**Brief**
Return the full listing unchanged, apart from leaving out its images.

**Raw data**
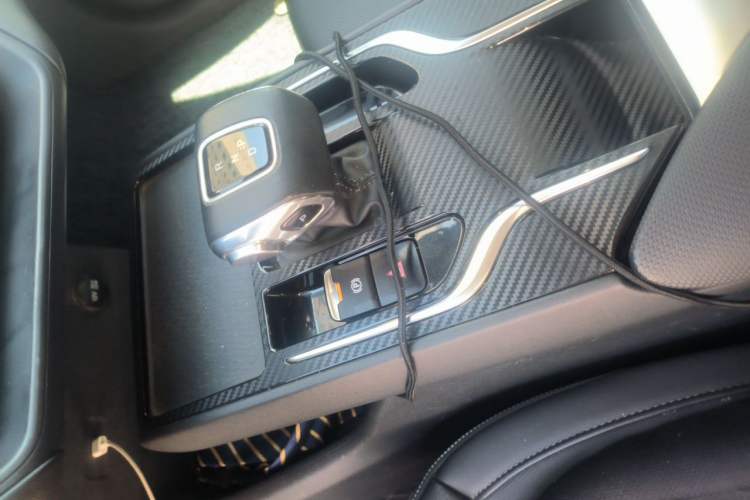 Used Hongqi E-QM5 2021 Online Booking Charging T3 Edition 5-Seater Gear Lever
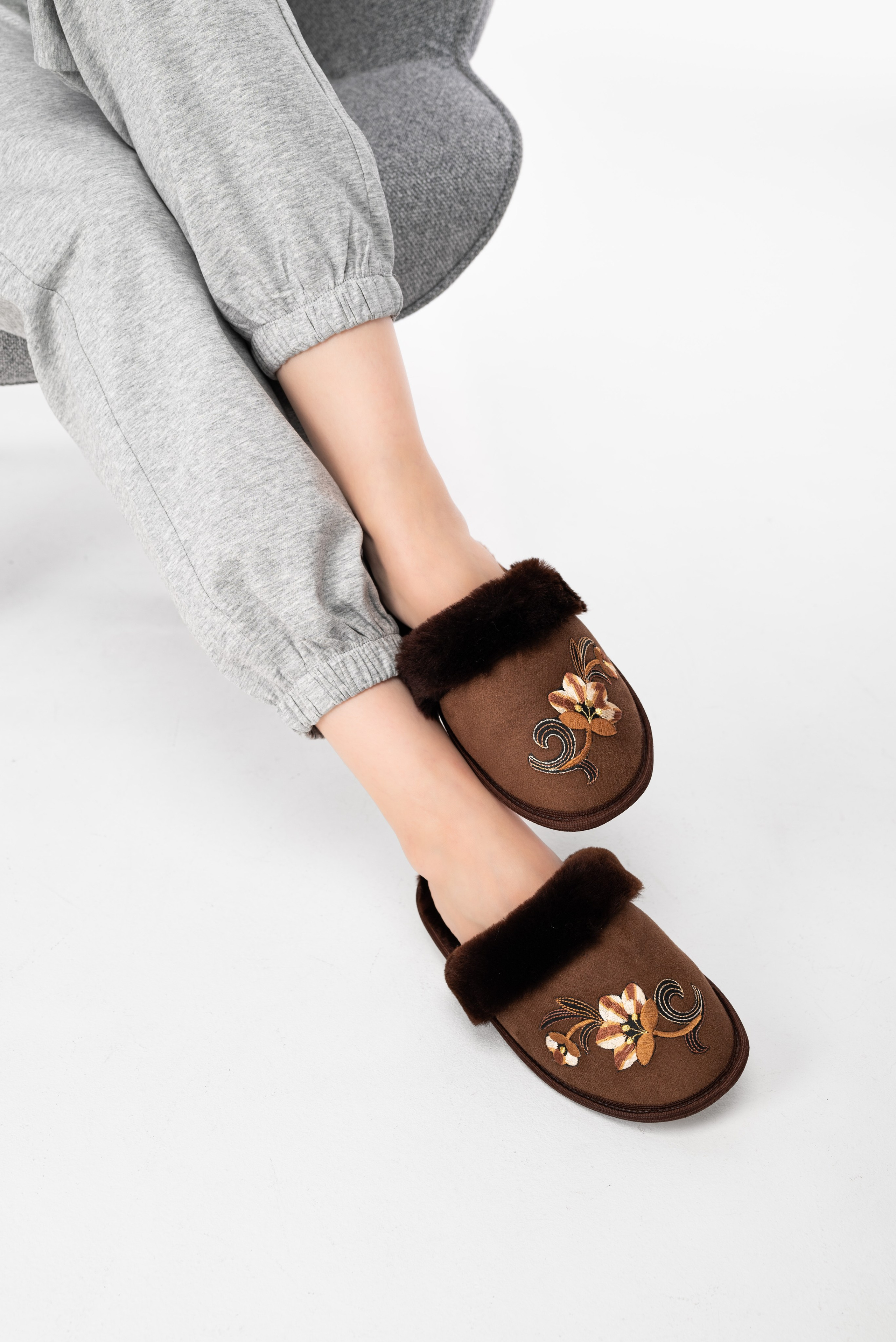 Тапочки и чуни. Предметный фотограф, фото для маркетплейсов Пятигорск, КМВ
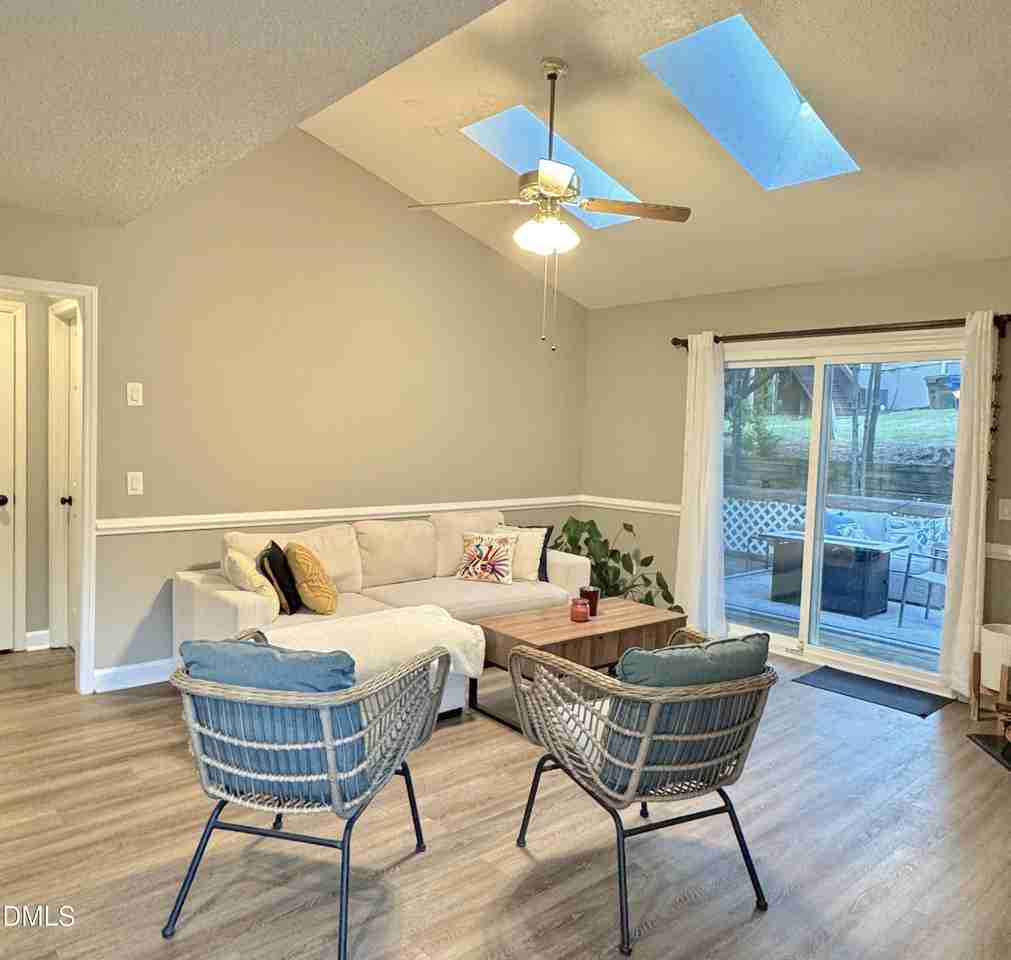 614 Windsong Ln - Photo 3 of 26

**Response**
 Used Hongqi E-QM5 2021 Online Booking Charging T3 Edition 5-Seater Gear Lever
 Тапочки и чуни. Предметный фотограф, фото для маркетплейсов Пятигорск, КМВ
 614 Windsong Ln - Photo 3 of 26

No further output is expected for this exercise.